■ **WHAT THE TASK REQUIRES**
The records underneath are to be printed in full and exactly, with no pictures carried over.

Short text fragments from websites:
------------------------------

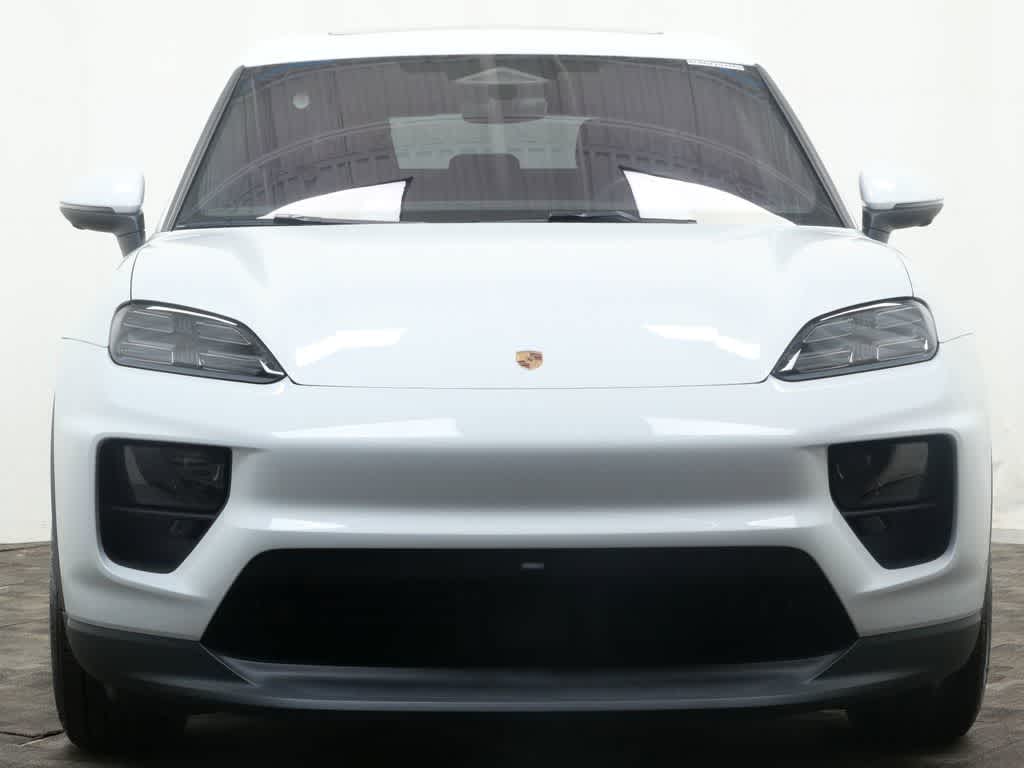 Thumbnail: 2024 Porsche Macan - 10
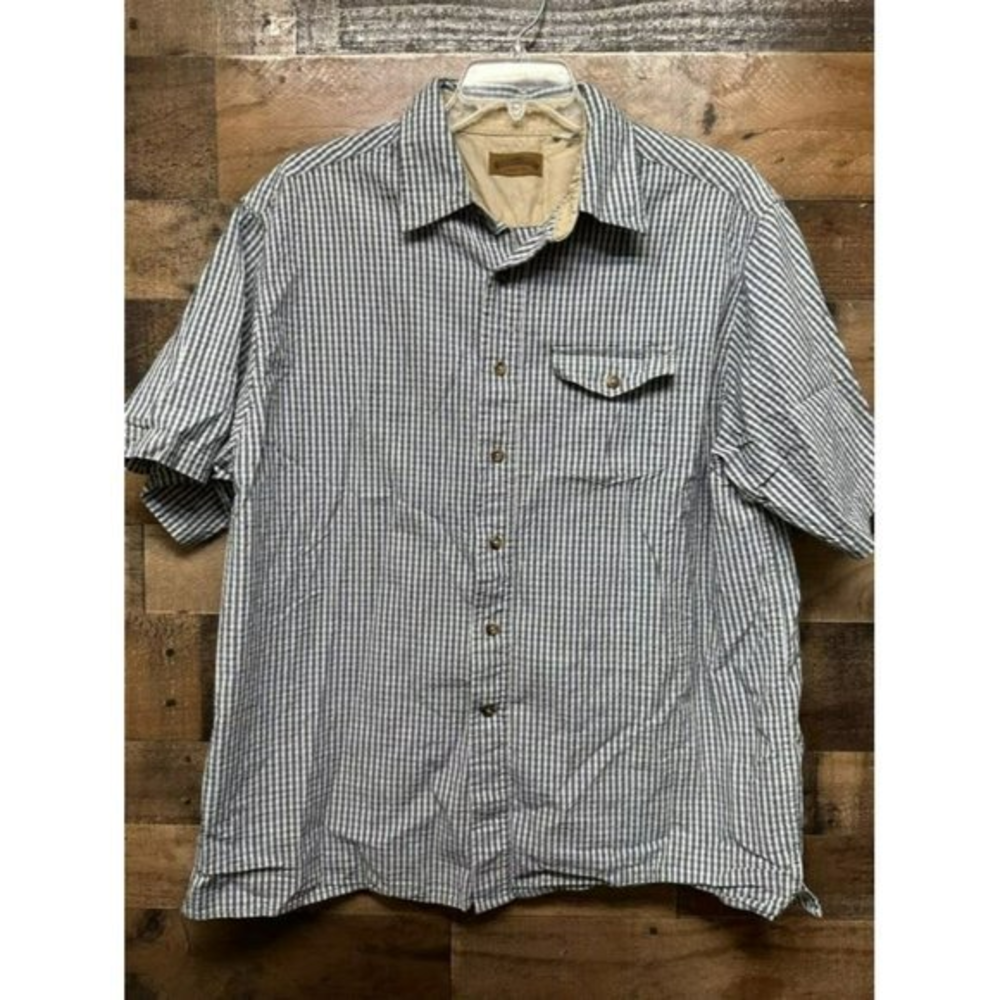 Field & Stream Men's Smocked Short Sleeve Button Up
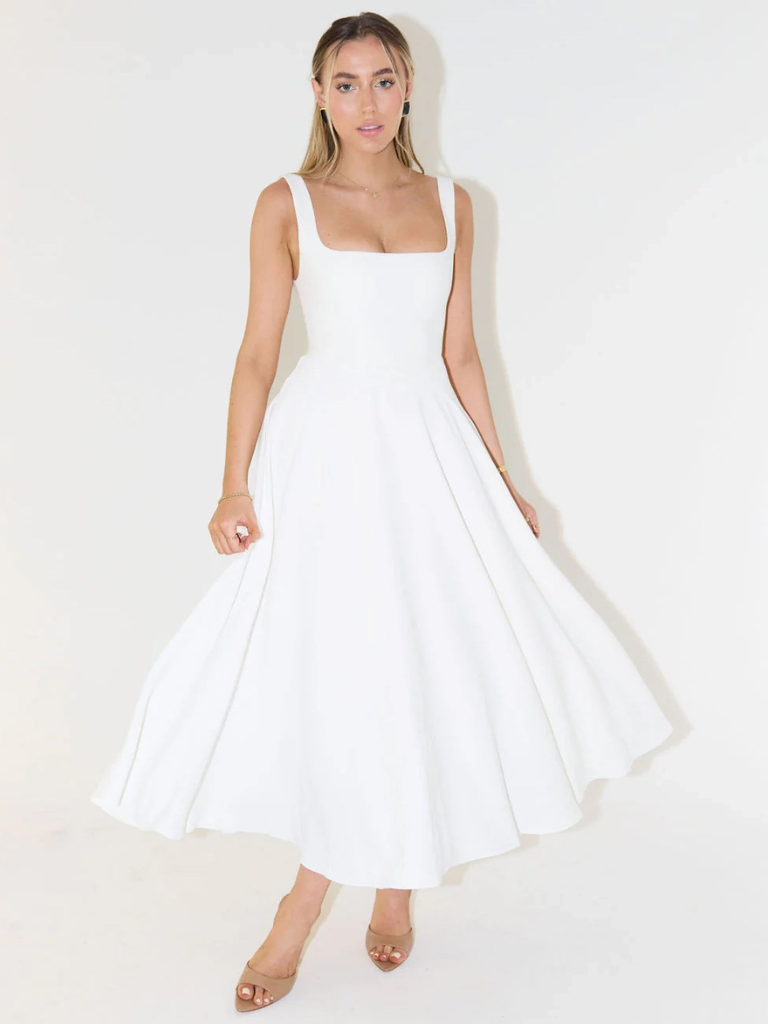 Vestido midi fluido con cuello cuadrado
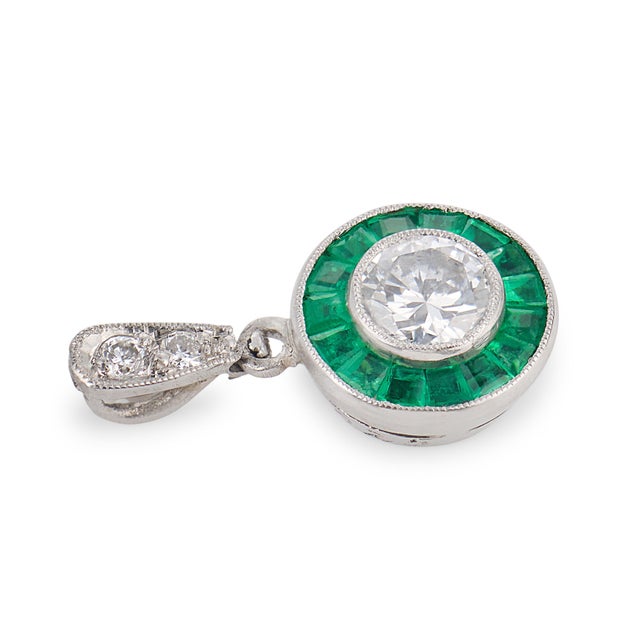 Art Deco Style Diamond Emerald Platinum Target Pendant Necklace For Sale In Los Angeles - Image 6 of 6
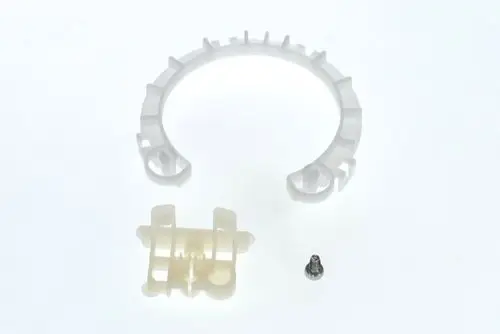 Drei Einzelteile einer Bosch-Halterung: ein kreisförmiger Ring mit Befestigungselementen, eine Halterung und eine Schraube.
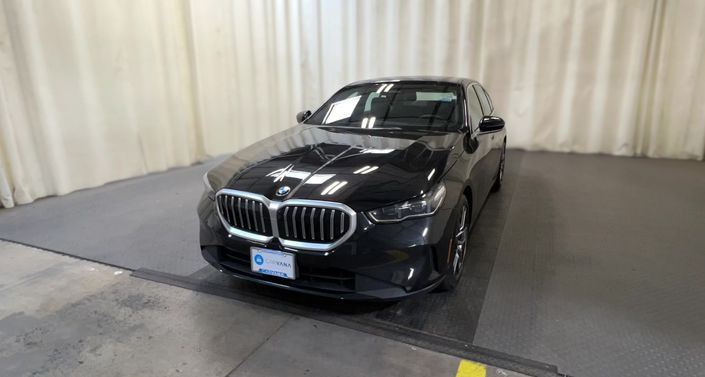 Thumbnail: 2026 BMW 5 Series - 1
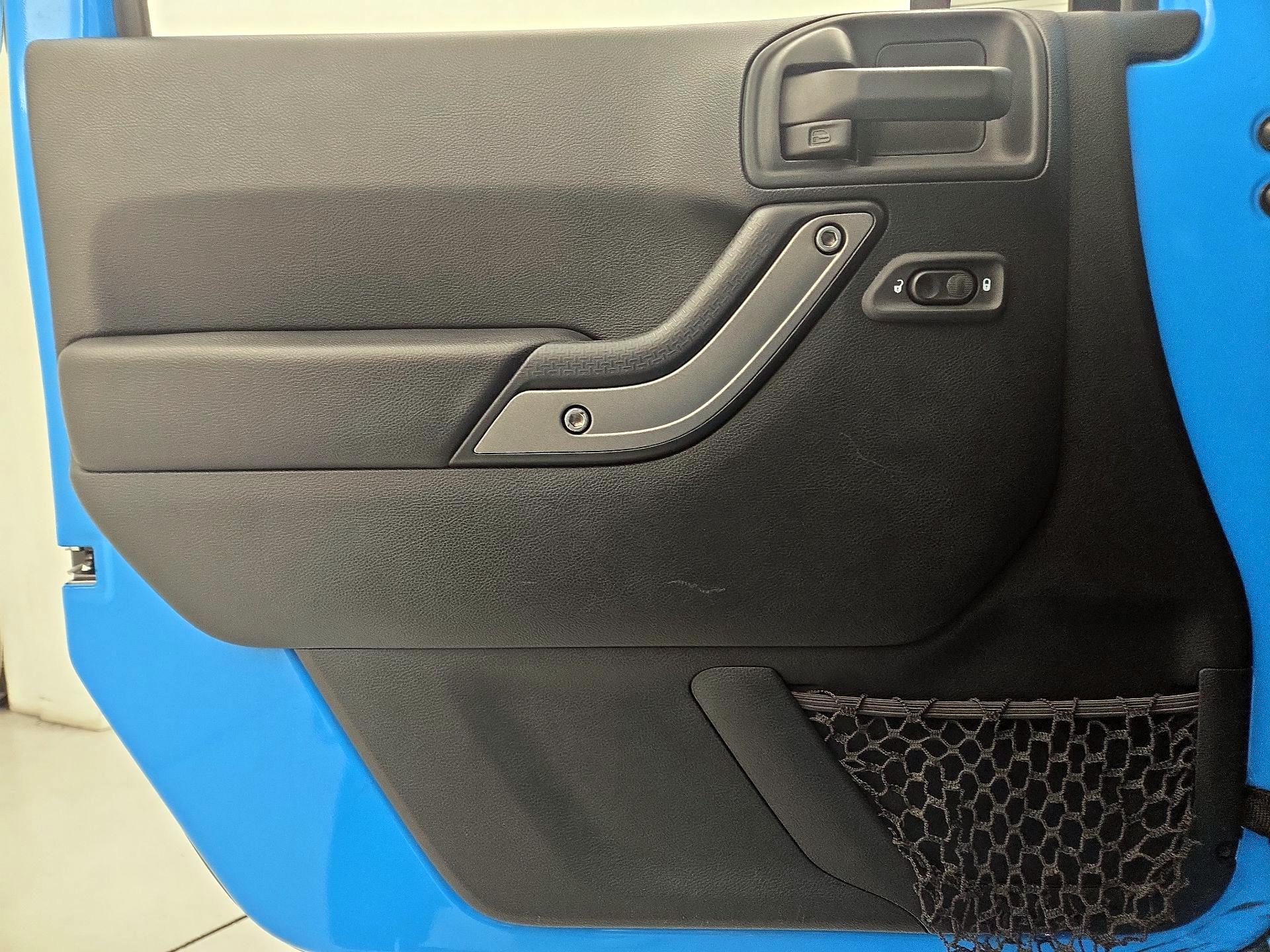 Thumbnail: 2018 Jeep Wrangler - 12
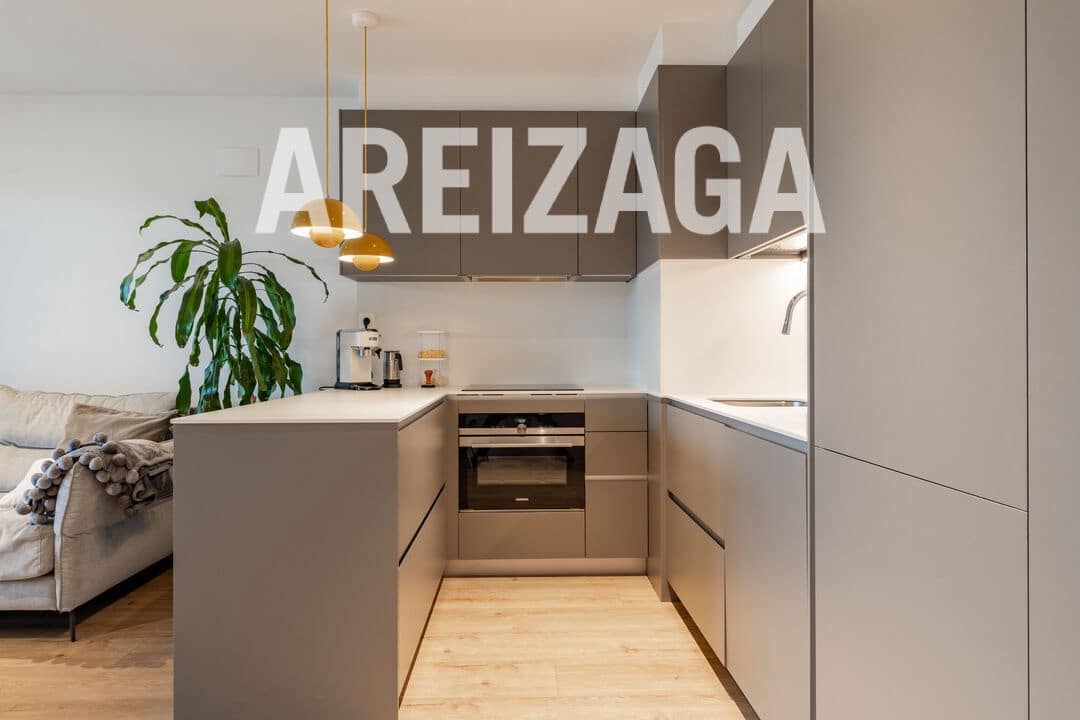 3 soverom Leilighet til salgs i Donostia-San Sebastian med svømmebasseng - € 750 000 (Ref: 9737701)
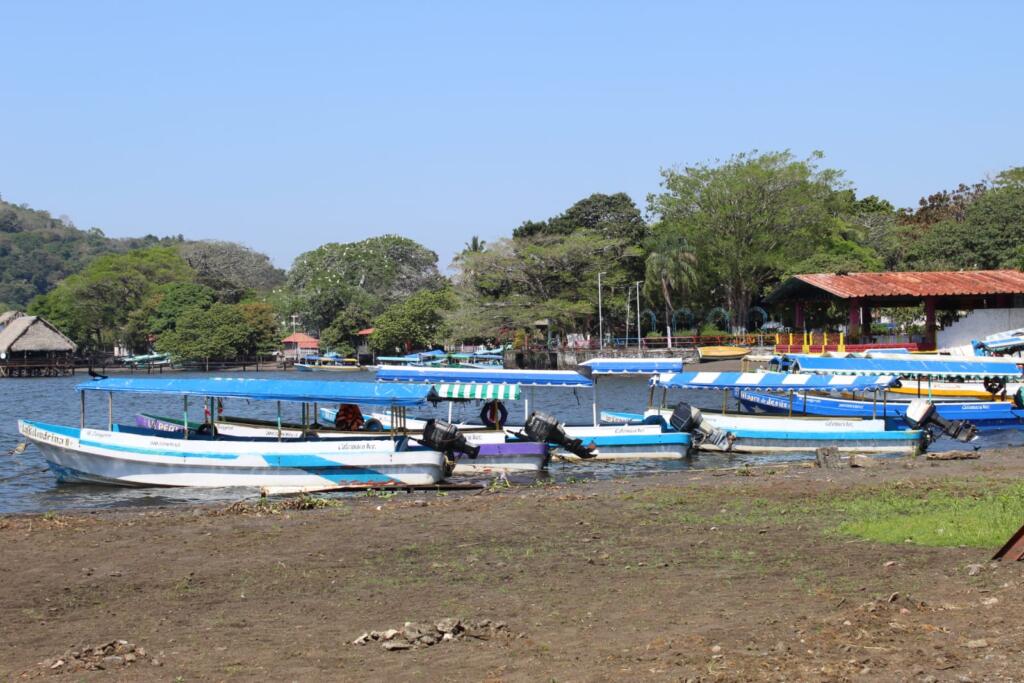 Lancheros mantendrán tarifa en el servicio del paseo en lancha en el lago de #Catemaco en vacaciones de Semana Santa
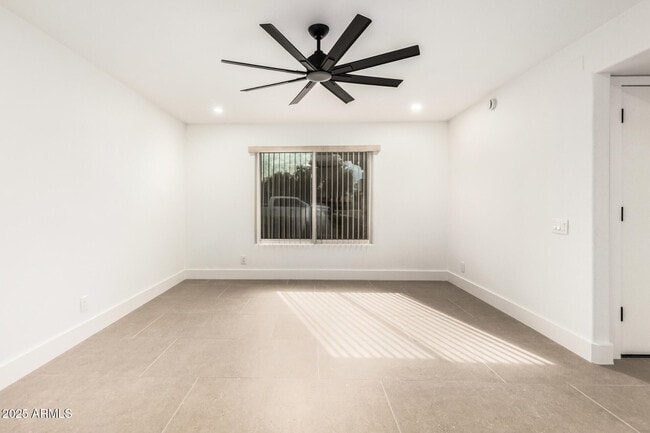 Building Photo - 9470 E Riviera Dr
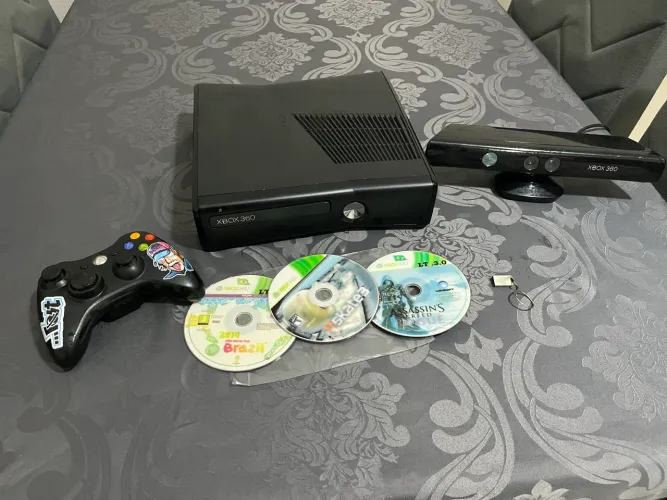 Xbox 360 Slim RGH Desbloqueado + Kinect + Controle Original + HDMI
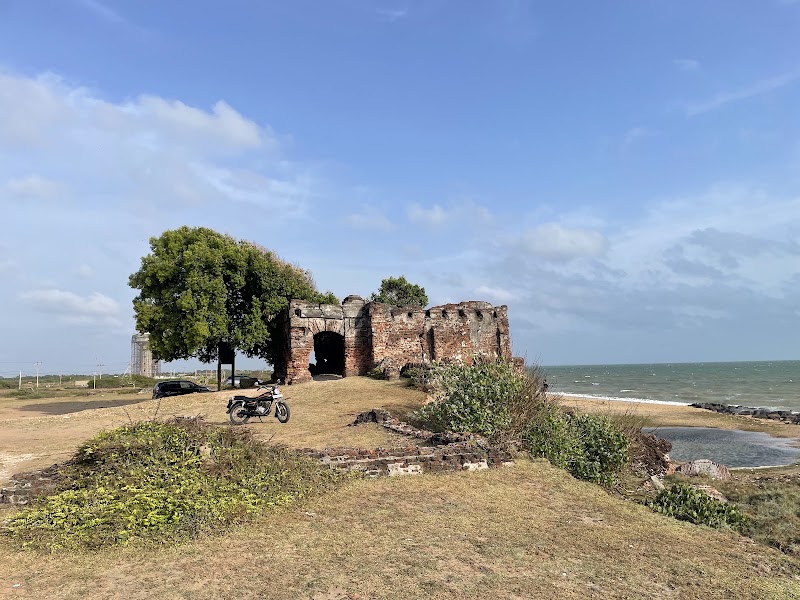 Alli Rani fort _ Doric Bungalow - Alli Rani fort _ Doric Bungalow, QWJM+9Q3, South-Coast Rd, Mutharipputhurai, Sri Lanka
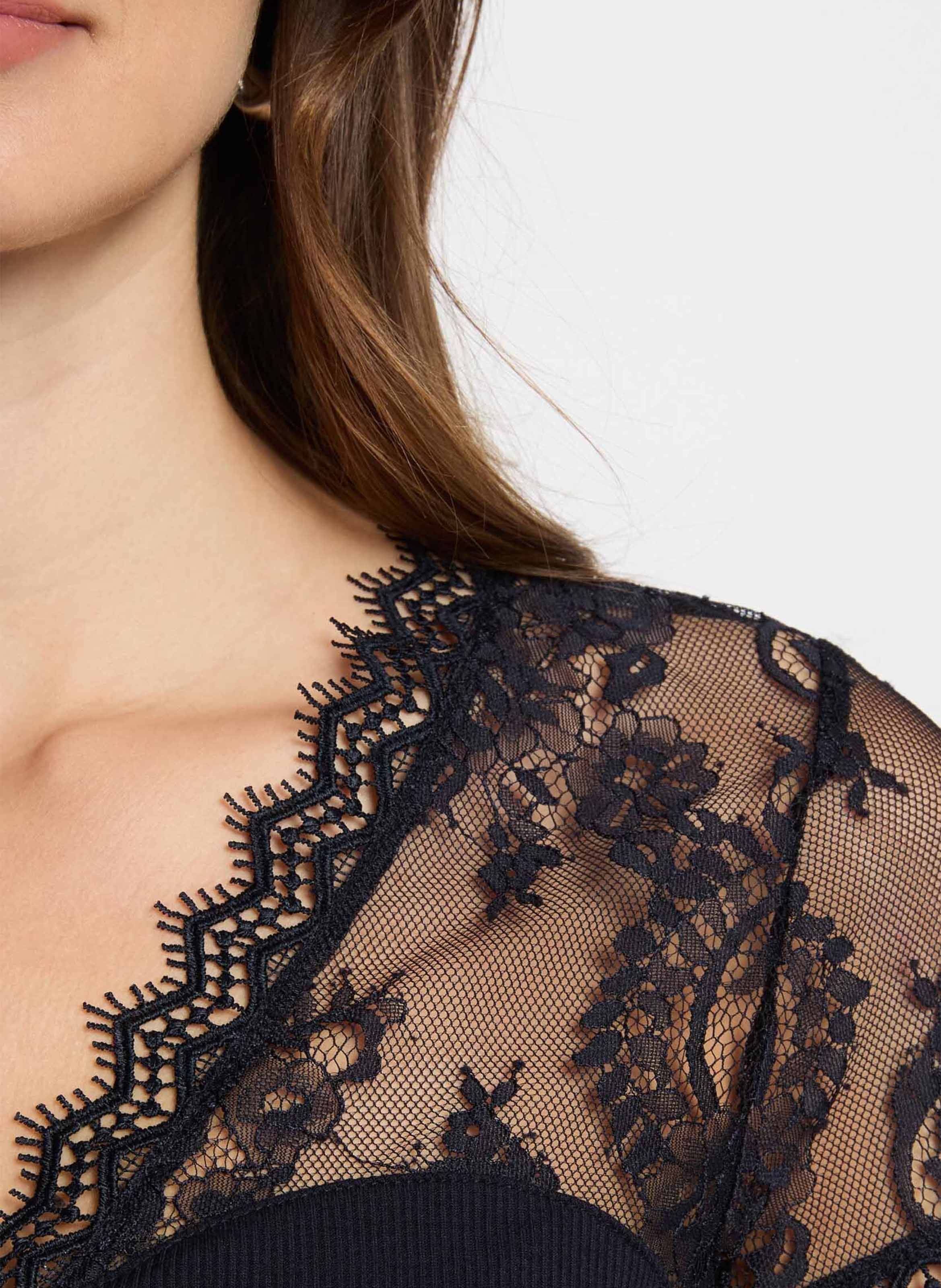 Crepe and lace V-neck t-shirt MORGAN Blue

------------------------------

■ **PROBLEM SOLUTION**
 Thumbnail: 2024 Porsche Macan - 10
 Field & Stream Men's Smocked Short Sleeve Button Up
 Vestido midi fluido con cuello cuadrado
 Art Deco Style Diamond Emerald Platinum Target Pendant Necklace For Sale In Los Angeles - Image 6 of 6
 Drei Einzelteile einer Bosch-Halterung: ein kreisförmiger Ring mit Befestigungselementen, eine Halterung und eine Schraube.
 Thumbnail: 2026 BMW 5 Series - 1
 Thumbnail: 2018 Jeep Wrangler - 12
 3 soverom Leilighet til salgs i Donostia-San Sebastian med svømmebasseng - € 750 000 (Ref: 9737701)
 Lancheros mantendrán tarifa en el servicio del paseo en lancha en el lago de #Catemaco en vacaciones de Semana Santa
 Building Photo - 9470 E Riviera Dr
 Xbox 360 Slim RGH Desbloqueado + Kinect + Controle Original + HDMI
 Alli Rani fort _ Doric Bungalow - Alli Rani fort _ Doric Bungalow, QWJM+9Q3, South-Coast Rd, Mutharipputhurai, Sri Lanka
 Crepe and lace V-neck t-shirt MORGAN Blue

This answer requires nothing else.